C’era una volta il futuro, si potrebbe dire, e dopo Blade Runner non c’è più. Mai fantascienza è invecchiata così bene e anzi per nulla, mai ha saputo fondersi nel presente con tale gradualità da sfumare ogni differenza. Ti guardi attorno e la società multietnica fotografata da Ridley Scott è… tutto intorno a noi, come il disastro climatico montante, la pubblicità onnipervasiva, i computer su cui a ogni livello basiamo sempre più le nostre vite.
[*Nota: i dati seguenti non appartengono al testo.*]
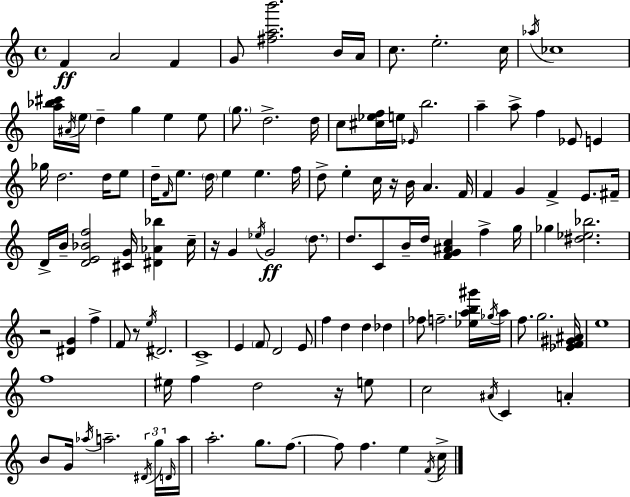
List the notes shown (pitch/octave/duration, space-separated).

F4/q A4/h F4/q G4/e [F#5,A5,B6]/h. B4/s A4/s C5/e. E5/h. C5/s Ab5/s CES5/w [A5,Bb5,C#6]/s A#4/s E5/s D5/q G5/q E5/q E5/e G5/e. D5/h. D5/s C5/e [C#5,Eb5,F5]/s E5/s Eb4/s B5/h. A5/q A5/e F5/q Eb4/e E4/q Gb5/s D5/h. D5/s E5/e D5/s F4/s E5/e. D5/s E5/q E5/q. F5/s D5/e E5/q C5/s R/s B4/s A4/q. F4/s F4/q G4/q F4/q E4/e. F#4/s D4/s B4/s [D4,E4,Bb4,F5]/h [C#4,G4]/s [D#4,Ab4,Bb5]/q C5/s R/s G4/q Eb5/s G4/h D5/e. D5/e. C4/e B4/s D5/s [F4,G4,A#4,C5]/q F5/q G5/s Gb5/q [D#5,Eb5,Bb5]/h. R/h [D#4,G4]/q F5/q F4/e R/e E5/s D#4/h. C4/w E4/q F4/e D4/h E4/e F5/q D5/q D5/q Db5/q FES5/e F5/h. [Eb5,A5,B5,G#6]/s Gb5/s A5/s F5/e. G5/h. [Eb4,F4,G#4,A#4]/s E5/w F5/w EIS5/s F5/q D5/h R/s E5/e C5/h A#4/s C4/q A4/q B4/e G4/s Ab5/s A5/h. D#4/s G5/s D4/s A5/s A5/h. G5/e. F5/e. F5/e F5/q. E5/q F4/s C5/s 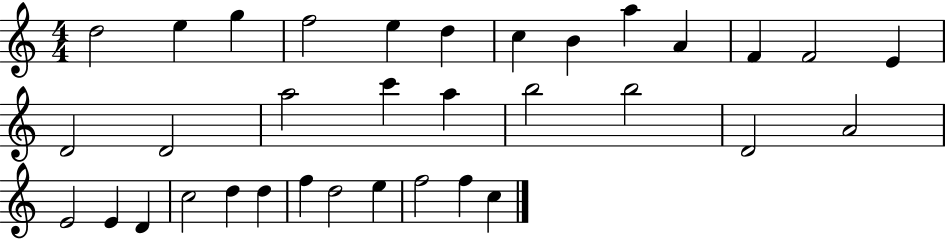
D5/h E5/q G5/q F5/h E5/q D5/q C5/q B4/q A5/q A4/q F4/q F4/h E4/q D4/h D4/h A5/h C6/q A5/q B5/h B5/h D4/h A4/h E4/h E4/q D4/q C5/h D5/q D5/q F5/q D5/h E5/q F5/h F5/q C5/q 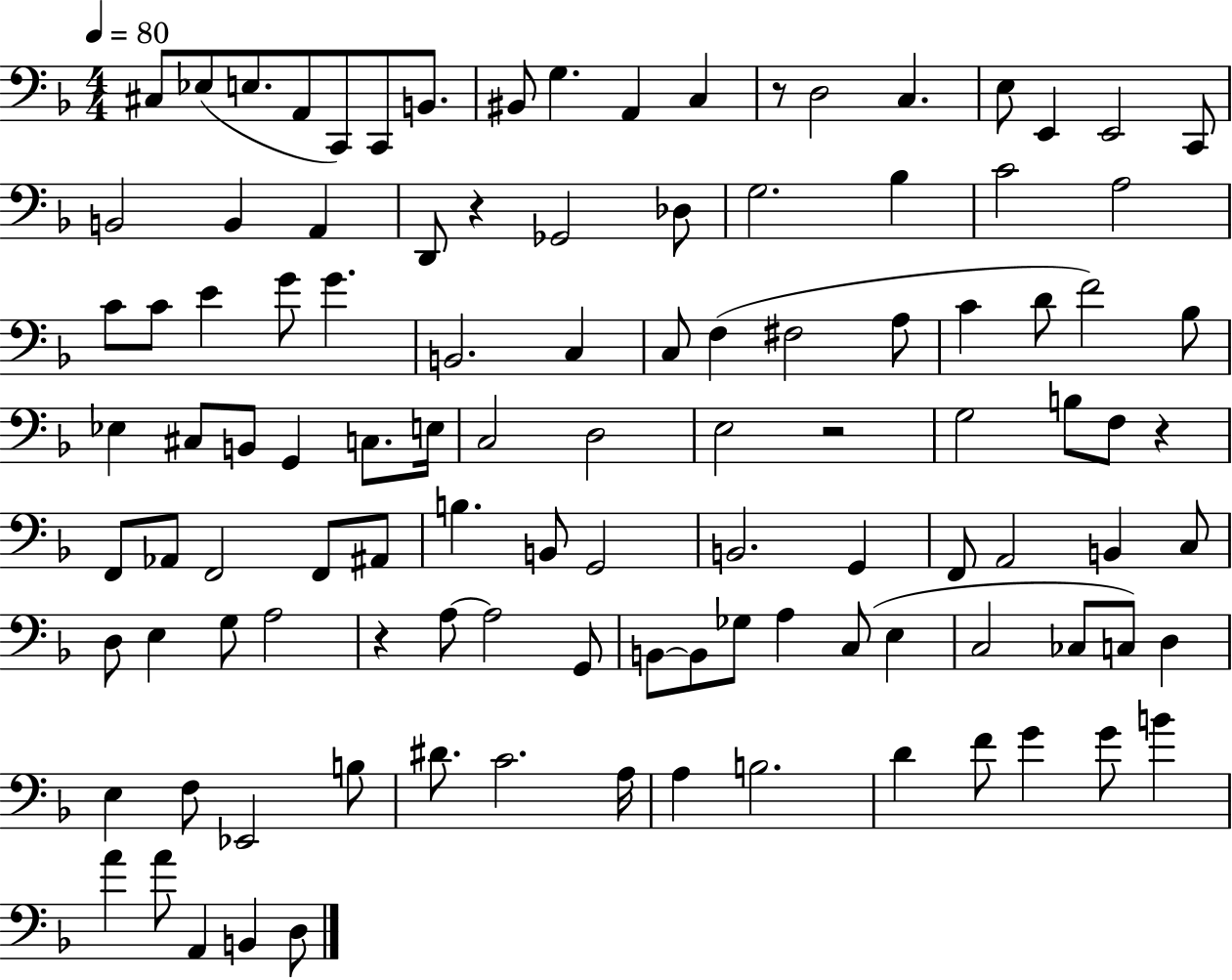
X:1
T:Untitled
M:4/4
L:1/4
K:F
^C,/2 _E,/2 E,/2 A,,/2 C,,/2 C,,/2 B,,/2 ^B,,/2 G, A,, C, z/2 D,2 C, E,/2 E,, E,,2 C,,/2 B,,2 B,, A,, D,,/2 z _G,,2 _D,/2 G,2 _B, C2 A,2 C/2 C/2 E G/2 G B,,2 C, C,/2 F, ^F,2 A,/2 C D/2 F2 _B,/2 _E, ^C,/2 B,,/2 G,, C,/2 E,/4 C,2 D,2 E,2 z2 G,2 B,/2 F,/2 z F,,/2 _A,,/2 F,,2 F,,/2 ^A,,/2 B, B,,/2 G,,2 B,,2 G,, F,,/2 A,,2 B,, C,/2 D,/2 E, G,/2 A,2 z A,/2 A,2 G,,/2 B,,/2 B,,/2 _G,/2 A, C,/2 E, C,2 _C,/2 C,/2 D, E, F,/2 _E,,2 B,/2 ^D/2 C2 A,/4 A, B,2 D F/2 G G/2 B A A/2 A,, B,, D,/2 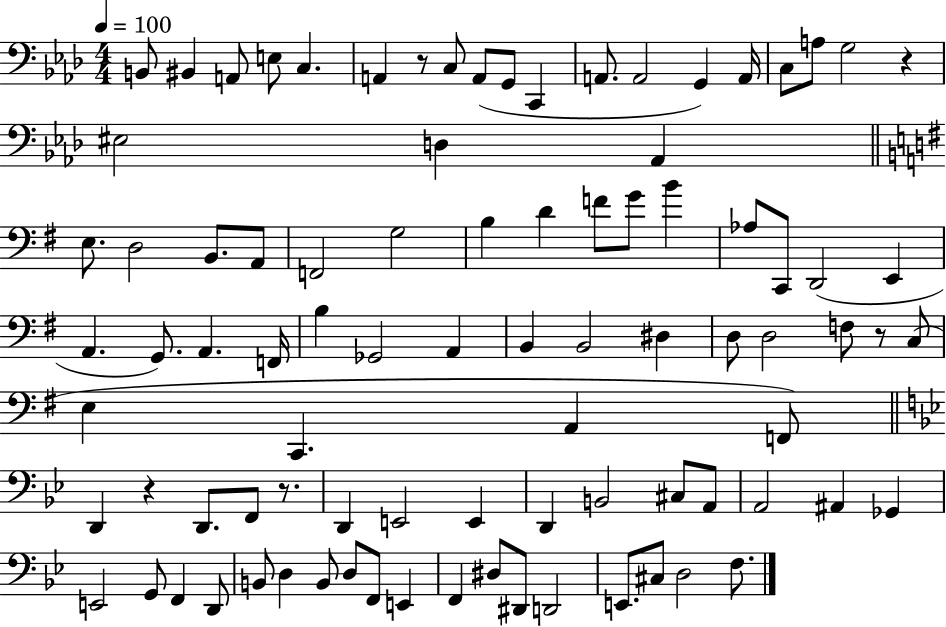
B2/e BIS2/q A2/e E3/e C3/q. A2/q R/e C3/e A2/e G2/e C2/q A2/e. A2/h G2/q A2/s C3/e A3/e G3/h R/q EIS3/h D3/q Ab2/q E3/e. D3/h B2/e. A2/e F2/h G3/h B3/q D4/q F4/e G4/e B4/q Ab3/e C2/e D2/h E2/q A2/q. G2/e. A2/q. F2/s B3/q Gb2/h A2/q B2/q B2/h D#3/q D3/e D3/h F3/e R/e C3/e E3/q C2/q. A2/q F2/e D2/q R/q D2/e. F2/e R/e. D2/q E2/h E2/q D2/q B2/h C#3/e A2/e A2/h A#2/q Gb2/q E2/h G2/e F2/q D2/e B2/e D3/q B2/e D3/e F2/e E2/q F2/q D#3/e D#2/e D2/h E2/e. C#3/e D3/h F3/e. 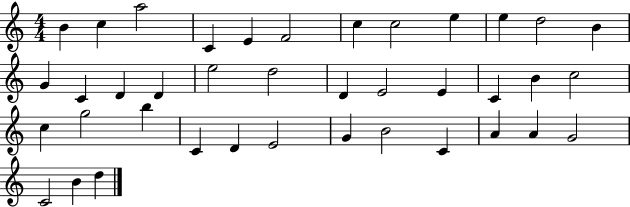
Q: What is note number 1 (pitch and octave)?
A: B4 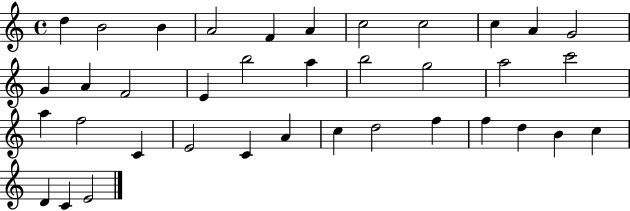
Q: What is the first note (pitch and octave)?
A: D5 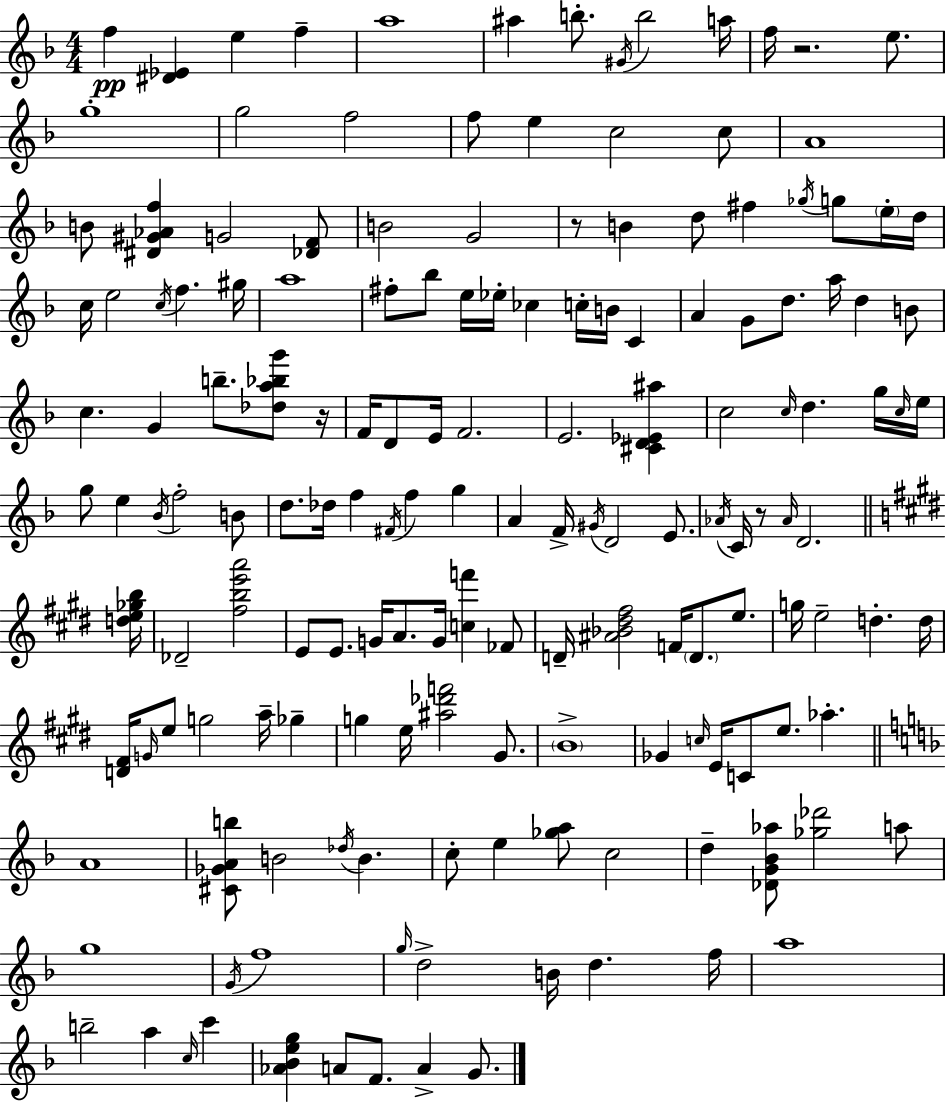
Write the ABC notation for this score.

X:1
T:Untitled
M:4/4
L:1/4
K:Dm
f [^D_E] e f a4 ^a b/2 ^G/4 b2 a/4 f/4 z2 e/2 g4 g2 f2 f/2 e c2 c/2 A4 B/2 [^D^G_Af] G2 [_DF]/2 B2 G2 z/2 B d/2 ^f _g/4 g/2 e/4 d/4 c/4 e2 c/4 f ^g/4 a4 ^f/2 _b/2 e/4 _e/4 _c c/4 B/4 C A G/2 d/2 a/4 d B/2 c G b/2 [_da_bg']/2 z/4 F/4 D/2 E/4 F2 E2 [^CD_E^a] c2 c/4 d g/4 c/4 e/4 g/2 e _B/4 f2 B/2 d/2 _d/4 f ^F/4 f g A F/4 ^G/4 D2 E/2 _A/4 C/4 z/2 _A/4 D2 [de_gb]/4 _D2 [^fbe'a']2 E/2 E/2 G/4 A/2 G/4 [cf'] _F/2 D/4 [^A_B^d^f]2 F/4 D/2 e/2 g/4 e2 d d/4 [D^F]/4 G/4 e/2 g2 a/4 _g g e/4 [^a_d'f']2 ^G/2 B4 _G c/4 E/4 C/2 e/2 _a A4 [^C_GAb]/2 B2 _d/4 B c/2 e [_ga]/2 c2 d [_DG_B_a]/2 [_g_d']2 a/2 g4 G/4 f4 g/4 d2 B/4 d f/4 a4 b2 a c/4 c' [_A_Beg] A/2 F/2 A G/2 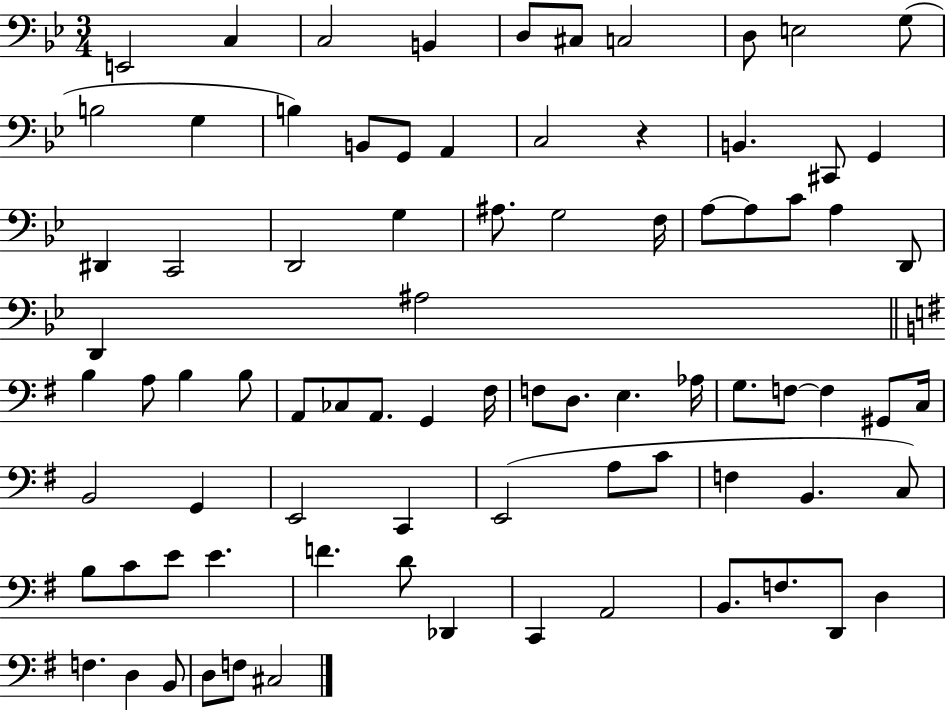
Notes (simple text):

E2/h C3/q C3/h B2/q D3/e C#3/e C3/h D3/e E3/h G3/e B3/h G3/q B3/q B2/e G2/e A2/q C3/h R/q B2/q. C#2/e G2/q D#2/q C2/h D2/h G3/q A#3/e. G3/h F3/s A3/e A3/e C4/e A3/q D2/e D2/q A#3/h B3/q A3/e B3/q B3/e A2/e CES3/e A2/e. G2/q F#3/s F3/e D3/e. E3/q. Ab3/s G3/e. F3/e F3/q G#2/e C3/s B2/h G2/q E2/h C2/q E2/h A3/e C4/e F3/q B2/q. C3/e B3/e C4/e E4/e E4/q. F4/q. D4/e Db2/q C2/q A2/h B2/e. F3/e. D2/e D3/q F3/q. D3/q B2/e D3/e F3/e C#3/h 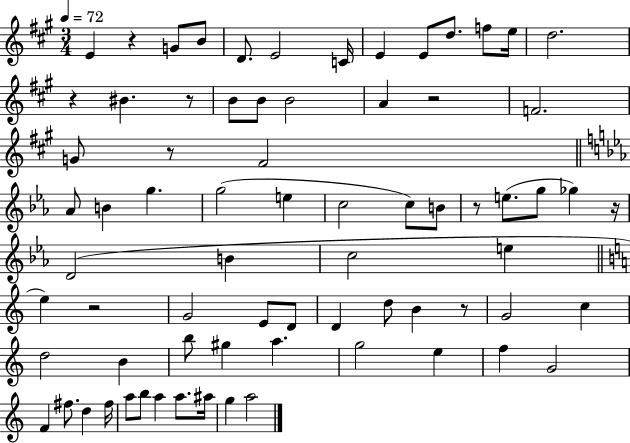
X:1
T:Untitled
M:3/4
L:1/4
K:A
E z G/2 B/2 D/2 E2 C/4 E E/2 d/2 f/2 e/4 d2 z ^B z/2 B/2 B/2 B2 A z2 F2 G/2 z/2 ^F2 _A/2 B g g2 e c2 c/2 B/2 z/2 e/2 g/2 _g z/4 D2 B c2 e e z2 G2 E/2 D/2 D d/2 B z/2 G2 c d2 B b/2 ^g a g2 e f G2 F ^f/2 d ^f/4 a/2 b/2 a a/2 ^a/4 g a2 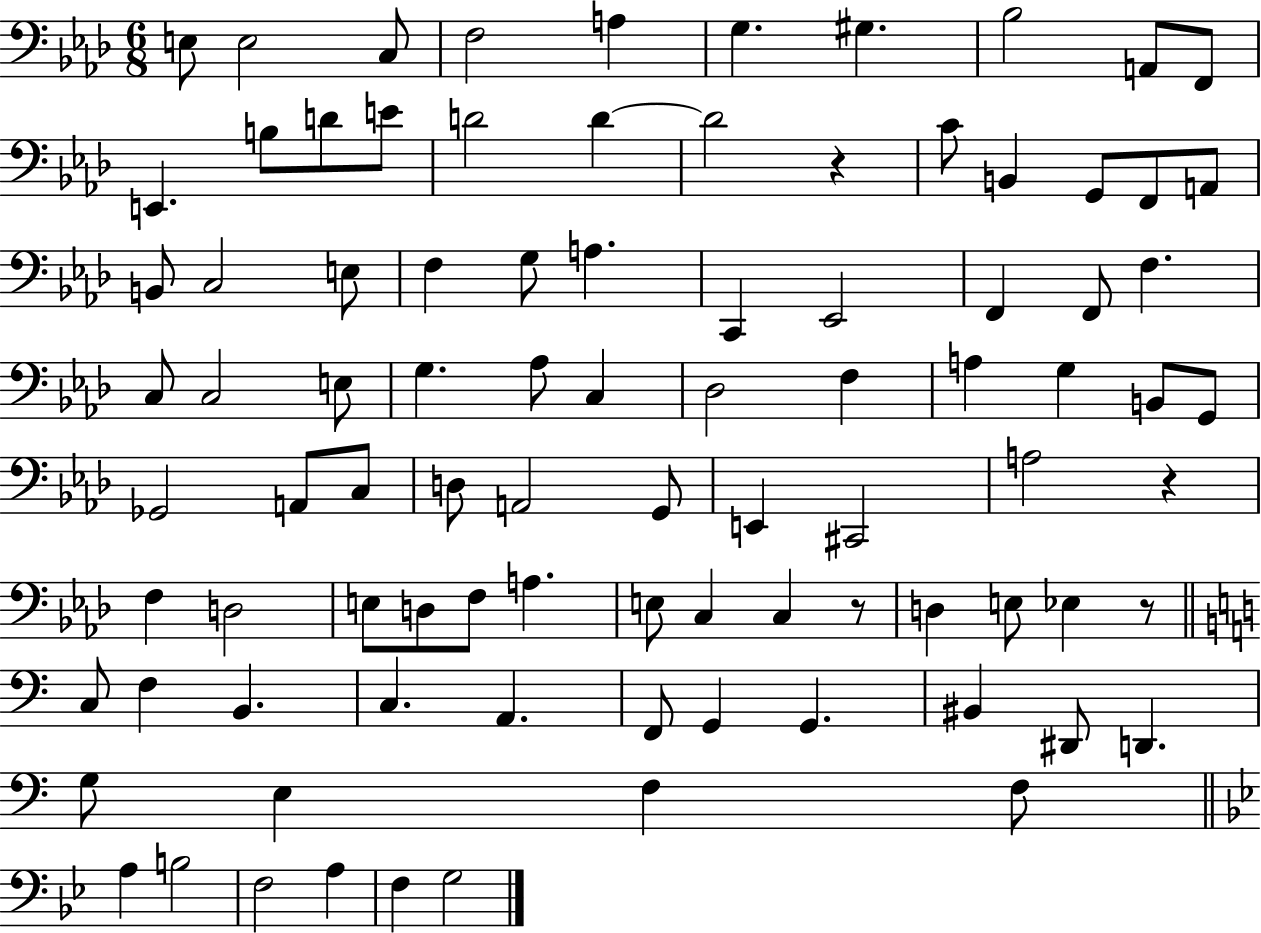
E3/e E3/h C3/e F3/h A3/q G3/q. G#3/q. Bb3/h A2/e F2/e E2/q. B3/e D4/e E4/e D4/h D4/q D4/h R/q C4/e B2/q G2/e F2/e A2/e B2/e C3/h E3/e F3/q G3/e A3/q. C2/q Eb2/h F2/q F2/e F3/q. C3/e C3/h E3/e G3/q. Ab3/e C3/q Db3/h F3/q A3/q G3/q B2/e G2/e Gb2/h A2/e C3/e D3/e A2/h G2/e E2/q C#2/h A3/h R/q F3/q D3/h E3/e D3/e F3/e A3/q. E3/e C3/q C3/q R/e D3/q E3/e Eb3/q R/e C3/e F3/q B2/q. C3/q. A2/q. F2/e G2/q G2/q. BIS2/q D#2/e D2/q. G3/e E3/q F3/q F3/e A3/q B3/h F3/h A3/q F3/q G3/h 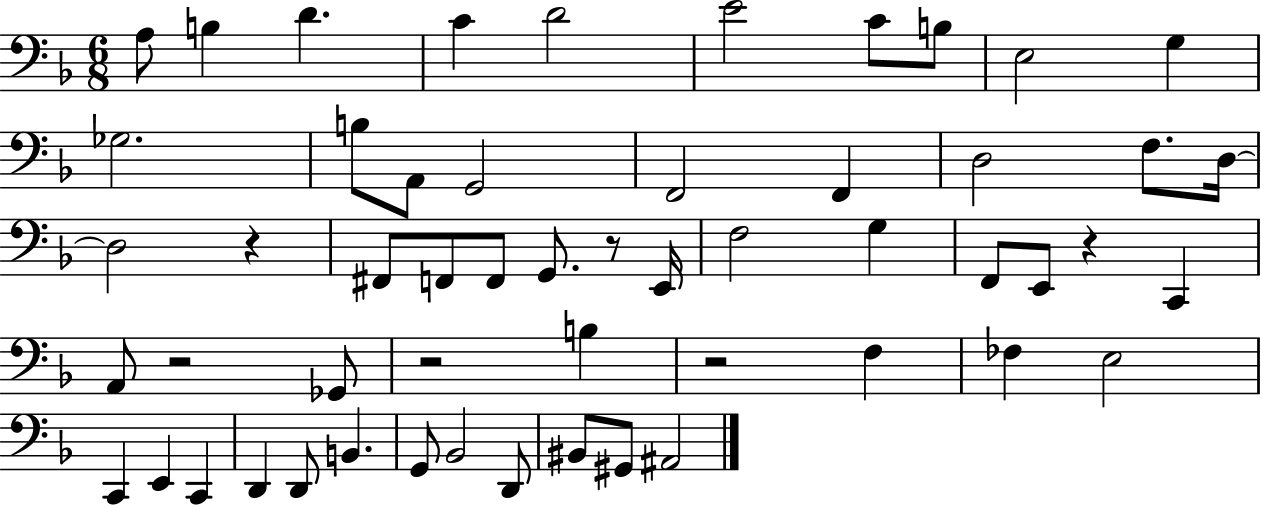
X:1
T:Untitled
M:6/8
L:1/4
K:F
A,/2 B, D C D2 E2 C/2 B,/2 E,2 G, _G,2 B,/2 A,,/2 G,,2 F,,2 F,, D,2 F,/2 D,/4 D,2 z ^F,,/2 F,,/2 F,,/2 G,,/2 z/2 E,,/4 F,2 G, F,,/2 E,,/2 z C,, A,,/2 z2 _G,,/2 z2 B, z2 F, _F, E,2 C,, E,, C,, D,, D,,/2 B,, G,,/2 _B,,2 D,,/2 ^B,,/2 ^G,,/2 ^A,,2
Quali le differenze fra la metropoli in cui si muovevano un quarto di secolo fa i replicanti e il loro cacciatore e certo Estremo Oriente? Ma non è solo su questo che il capolavoro di Scott fonda insieme la sua persistente attualità e un collocarsi fuori dal tempo. È che pone quelle domande che mai potremo eludere e alle quali mai potremo dare risposte compiute che non siano fideistiche: chi siamo, da dove veniamo, dove stiamo andando. Questo il nucleo. Ma non si può dire siano mero contorno né suggestioni visive che ridisegnavano il nostro immaginario come a nessun film è mai riuscito né quelle di una colonna sonora che, più che commentare, si fa protagonista. Spesso mattatrice assoluta.
Come il film, anche la colonna sonora ha avuto più versioni ed è giusto così, perché ci sono storie che racconteremo fino a un attimo prima di estinguerci. Una apocrifa della New American Orchestra già nell’82 e paradossalmente quella originale firmata da Vangelis solo nel ’94. Questa “Trilogy” è forse quella definitiva, con tutte le musiche che avevamo potuto ascoltare al cinema e altre nuove miracolosamente capaci di reggere il confronto, intercambiabili, fra cyberjazz e lounge di macchine, Orienti e autunni dell’anima e un’elettronica di un’umanità che ti fa sciogliere in lacrime nella pioggia e non sai perché.
Pubblicato per la prima volta su “Audio Review”, n.287, febbraio 2008. Blade Runner usciva nelle sale americane il 25 giugno 1982. Vangelis è scomparso lo scorso 17 maggio, settantanovenne.